6. No panorama internacional é preciso favorecer também a ética da solidariedade, se se quiser que a participação e a justa distribuição dos bens, juntamente com o crescimento económico, caracterizem o futuro da humanidade. A cooperação internacional quando é bem entendida, torna-se um caminho adequado, como assinalei no meu discurso na Sede da Organização das Nações Unidas (cf. 5.X.95, 13).

A Espanha, pela sua posição na Europa e pela história que a une com a América Latina, está chamada a dar uma valiosa contribuição a um futuro de paz, tanto na Europa como no resto dos continentes.

Por isso, formulo os meus melhores votos por que o seu País, fiel aos princípios humanos, espirituais e morais, progrida, como no passado, no empenho em promover relações fraternas entre todas as Nações, sobretudo entre aquelas com as quais está unida pela história e a tradição.

7. São muitos os vínculos que unem a Santa Sé com a Espanha, os quais são fortalecidos, além disso, por uma longa história. Na actualidade, o marco dos Acordos assinados entre a Igreja e o Estado espanhol continua a ser um válido instrumento para trabalhar ao serviço de todos os cidadãos. Por isso, a partir do respeito formal do conteúdo dos Acordos e com uma atitude recíproca de cordialidade e bom entendimento, pode-se progredir no aperfeiçoamento das relações actuais, a fim de chegar a resultados e conclusões comuns em temas tão importantes, que interessam as duas instâncias, como é, entre outras, a legislação em matéria de educação e de ensino. A Igreja católica considera que é inalienável o direito da família de poder escolher, sem obstáculos legais nem restrições económicas, o modelo educativo para os seus filhos. Esse direito, reconhecido também nos tratados internacionais, exige que o sistema educativo seja plenamente respeitoso das convicções de cada indivíduo, tenha em conta o serviço a todos os espanhóis e não esteja sujeito ao vaivém de mudanças políticas. Por isso, formulo os meus melhores votos por que, pelo caminho do diálogo, da negociação e do respeito, se progrida na mútua colaboração entre as Autoridades civis e a Hierarquia eclesiástica neste e noutros sectores.
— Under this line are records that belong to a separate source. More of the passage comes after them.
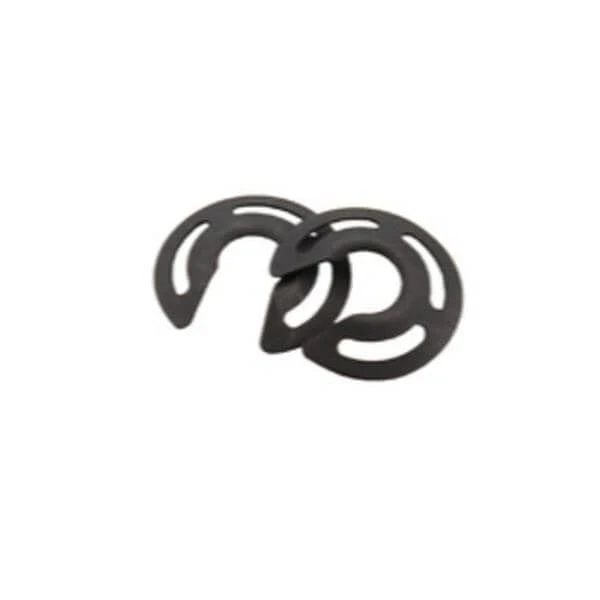 Spring Clip (2-Pack)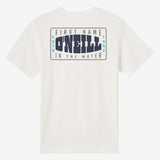 Boy's Western Classics Tee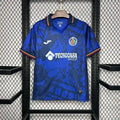 Maillot Getafe CF 2024/2025 – Domicile – Homme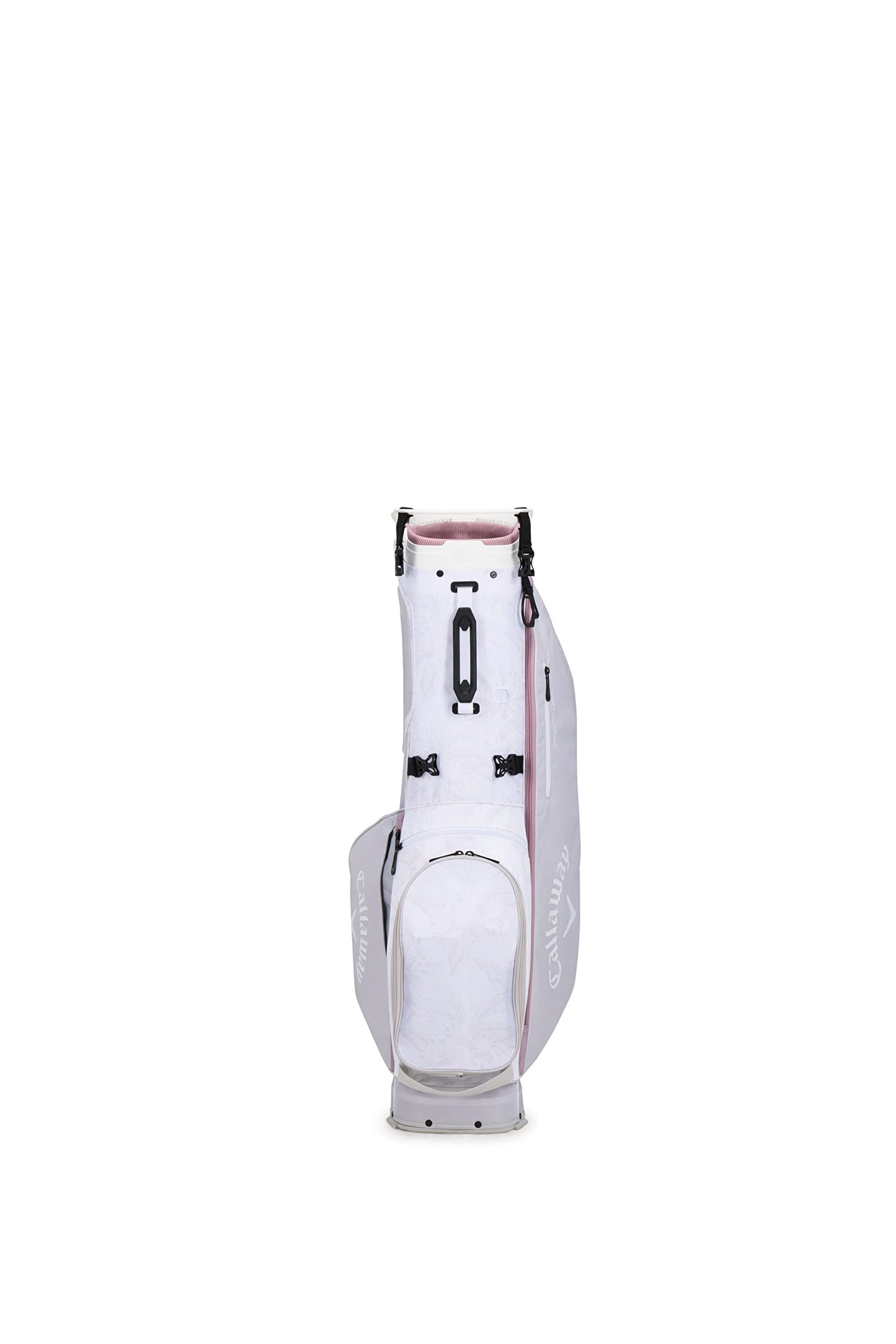 Callaway  Fairway C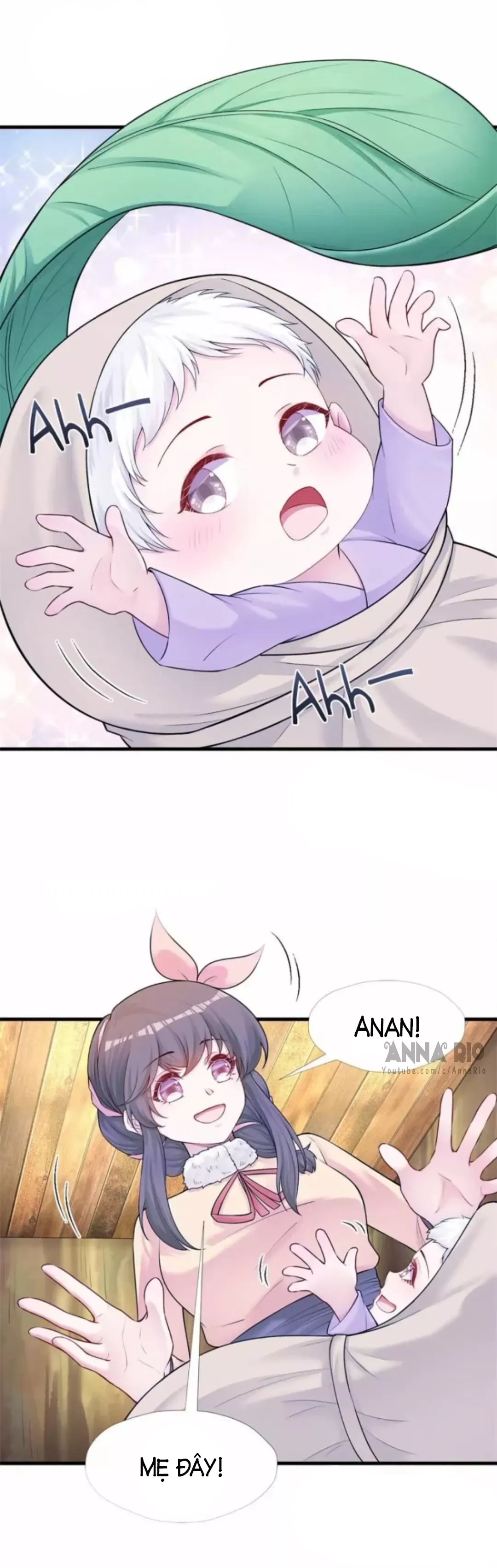 page_18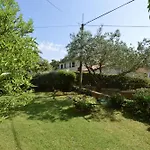 Apartments In Premantura/Istrien 34586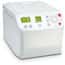 Ohaus Frontier FC5513 High Speed Micro Centrifuge with Touch-Wheel Control, 14,000 rpm, Bundle with  18 x 1.5/2.0 ml Rotor, 120V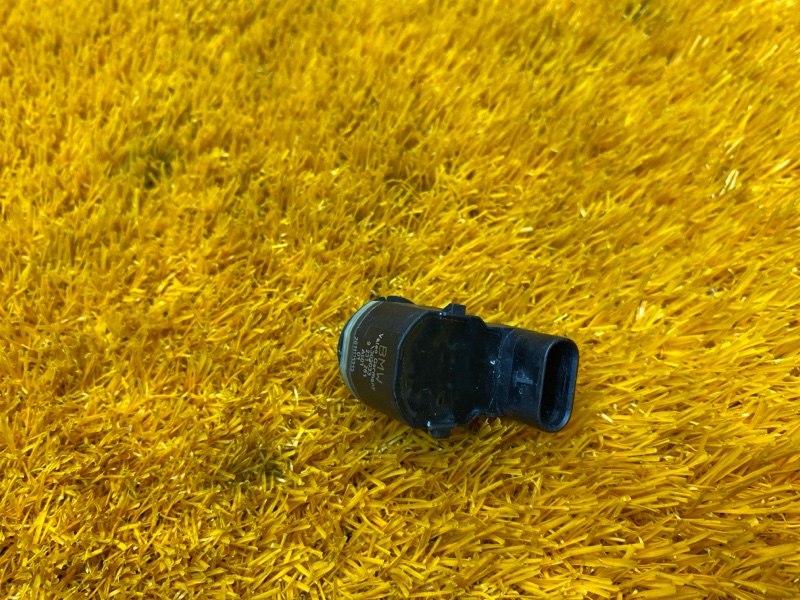 Датчик парковки , парктроник, 900 рублей, Красноярск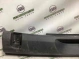 Элементы отделки багажника 4444-1097 Jeep Cherokee KL 14-18  1UD141C5AB 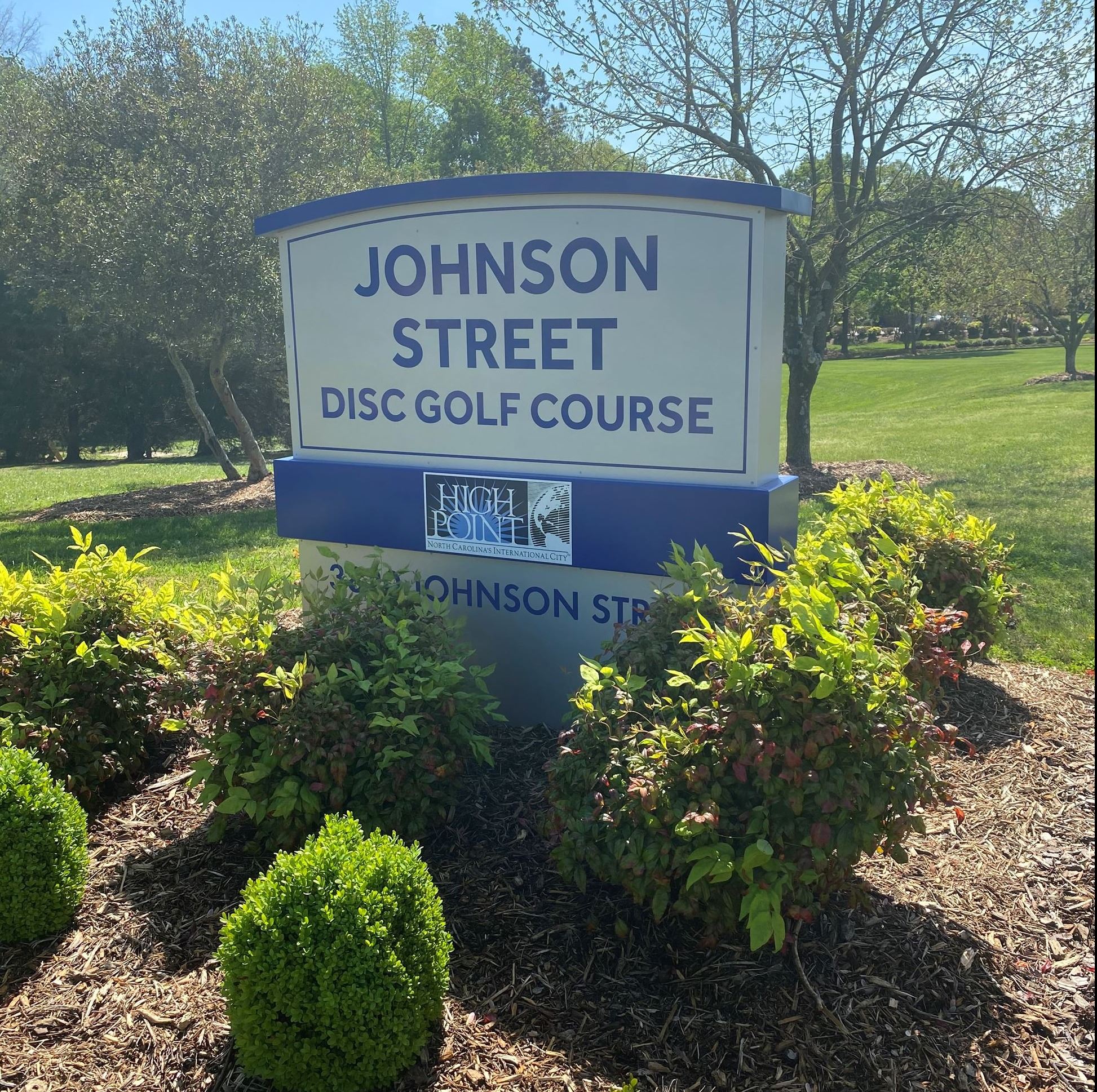 Johnson Street Park 2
8. Senhor Embaixador, no momento em que Vossa excelência se dispõe a iniciar a sua importante missão junto desta Sé Apostólica, é-me grato expressar-lhe os meus melhores votos pelo desempenho do seu cargo. Peço-lhe que se faça intérprete junto de Sua Majestade o Rei, assim como do Governo e do povo da Espanha, dos meus melhores votos de paz, prosperidade espiritual e material e de solidária convivência entre todos os espanhóis, sobre os quais invoco com afecto as bênçãos do Senhor, pela mediação da sua Padroeira, a Imaculada Conceição, tão venerada nessa terra.